Start of Block

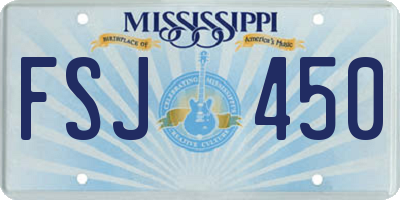 MS license plate FSJ450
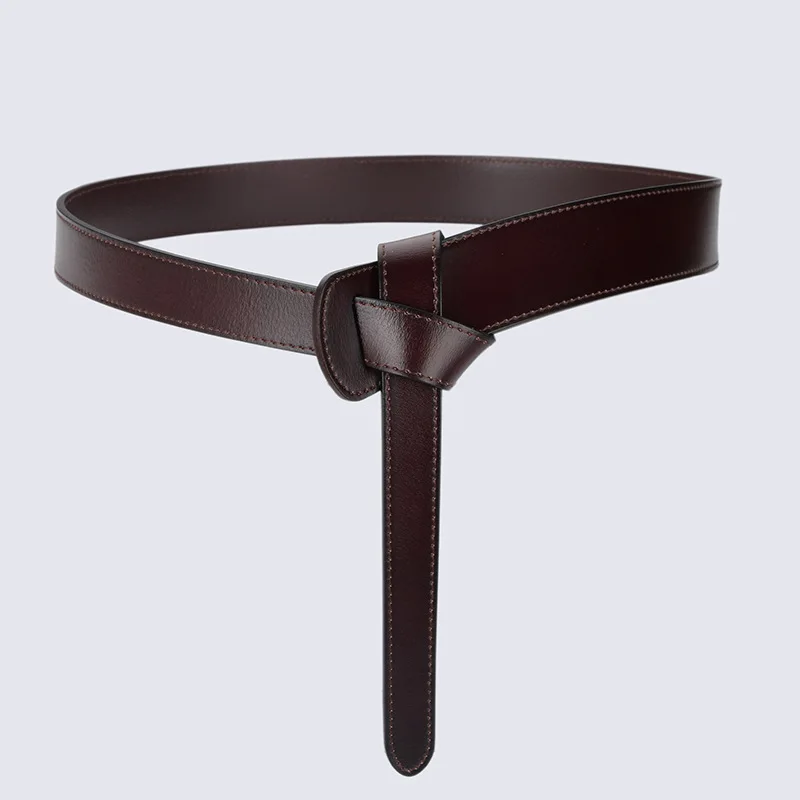 Mode Echt Leer Geknoopt Riem Hoge Kwaliteit Persoonlijkheid Zachte Lange Brede Riemen Multicolor Rok Jas Kleding Accessoires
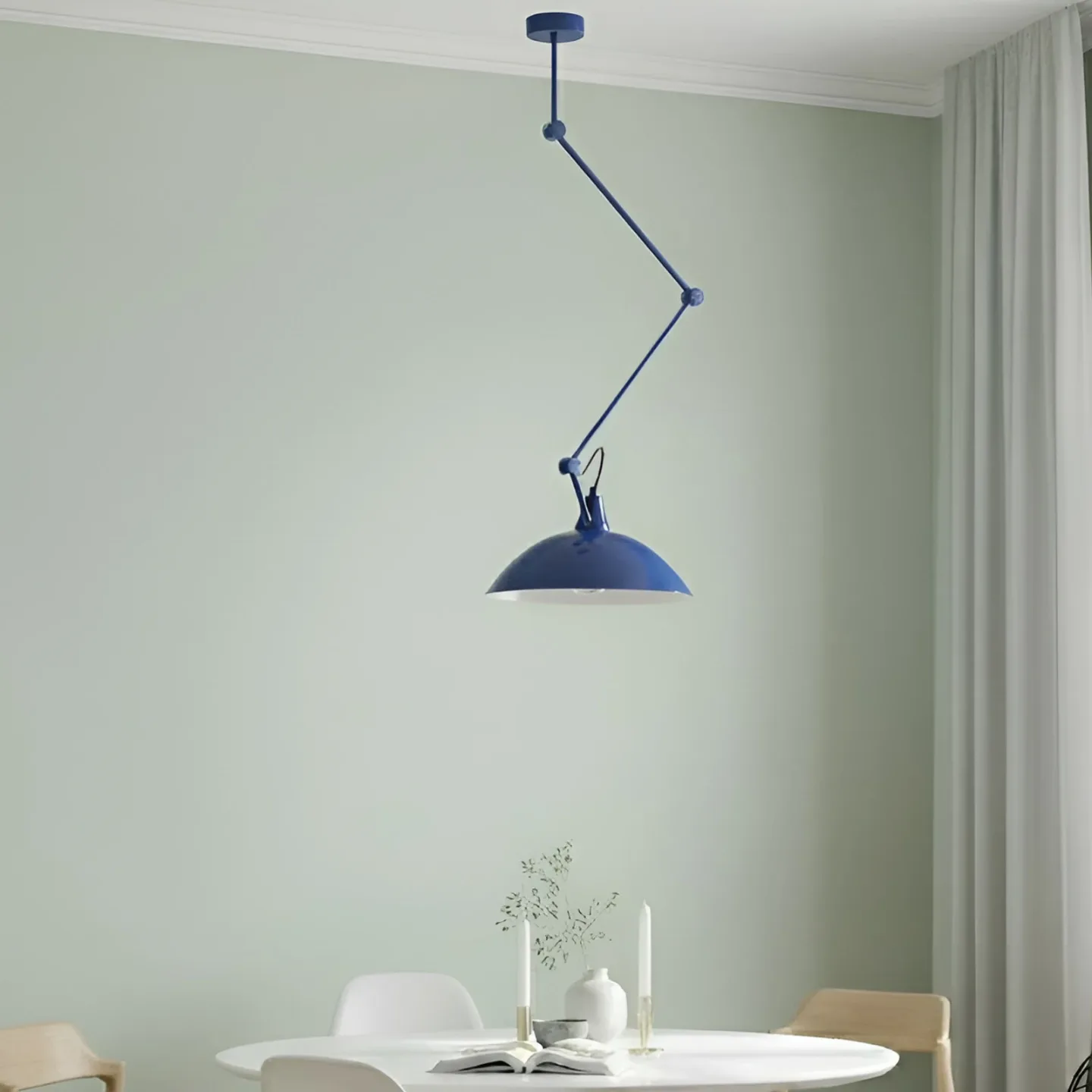 Melos Hängeleuchte, blau, Ø 36 cm, Metall - Aldex - Wohnzimmer - Skandinavisch - Einflammig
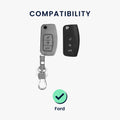 kwmobile Autoschlüssel Hülle kompatibel mit Ford 3-Tasten Klappschlüssel Autoschlüssel - Kunstleder Schutzhülle Schlüsselhülle Cover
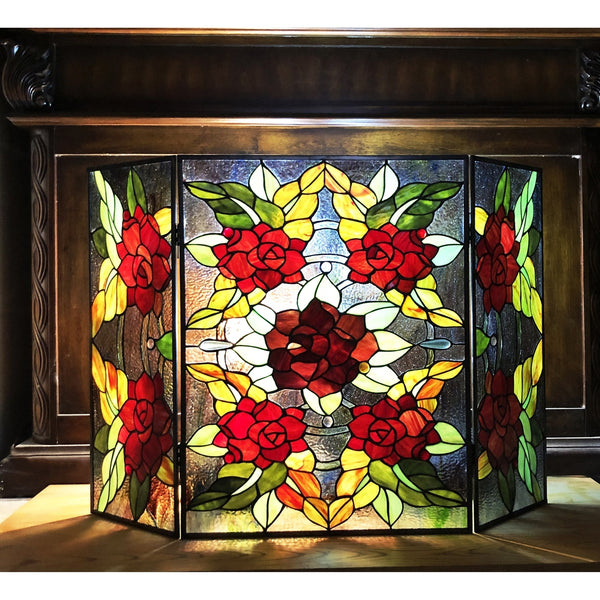 CHLOE Lighting CANNA Tiffany-Style 3pcs Folding Floral Stained Glass Fireplace Screen 40
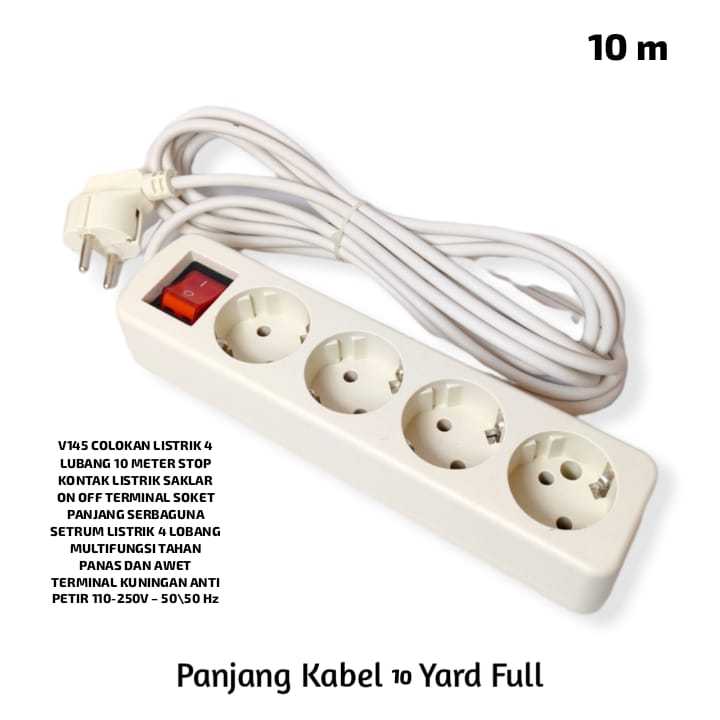 V145 ORI COLOKAN 10M LISTRIK 4 LUBANG  M STOP KONTAK LISTRIK SAKLAR ON OFF TERMINAL SOKET PANJANG SE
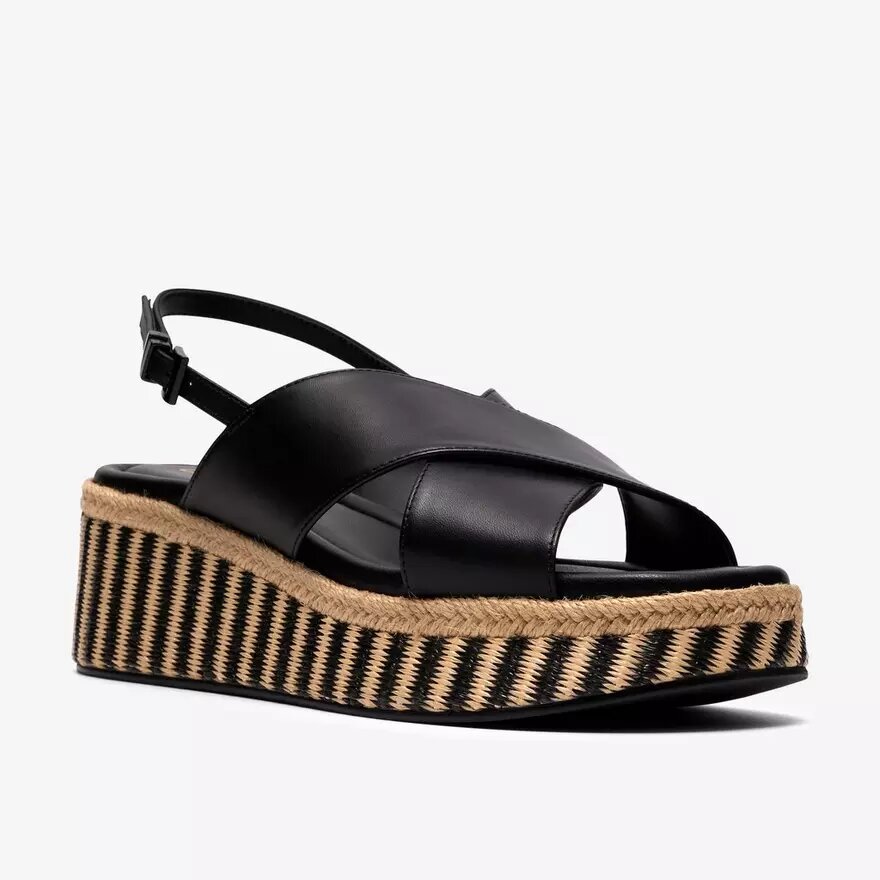 Tessiah Cross2 Schwarze Keilabsätze für Damen Tessiah Cross2 Schwarze Keilabsätze für Damen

End of Block

ACTION ITEM:
Copy out exactly the lines from the one with "Mode Echt Leer" through the end of the listing, both ends included, omitting any picture.

RESULT OF THIS TASK:
 Mode Echt Leer Geknoopt Riem Hoge Kwaliteit Persoonlijkheid Zachte Lange Brede Riemen Multicolor Rok Jas Kleding Accessoires
 Melos Hängeleuchte, blau, Ø 36 cm, Metall - Aldex - Wohnzimmer - Skandinavisch - Einflammig
 kwmobile Autoschlüssel Hülle kompatibel mit Ford 3-Tasten Klappschlüssel Autoschlüssel - Kunstleder Schutzhülle Schlüsselhülle Cover
 CHLOE Lighting CANNA Tiffany-Style 3pcs Folding Floral Stained Glass Fireplace Screen 40
 V145 ORI COLOKAN 10M LISTRIK 4 LUBANG  M STOP KONTAK LISTRIK SAKLAR ON OFF TERMINAL SOKET PANJANG SE
 Tessiah Cross2 Schwarze Keilabsätze für Damen Tessiah Cross2 Schwarze Keilabsätze für Damen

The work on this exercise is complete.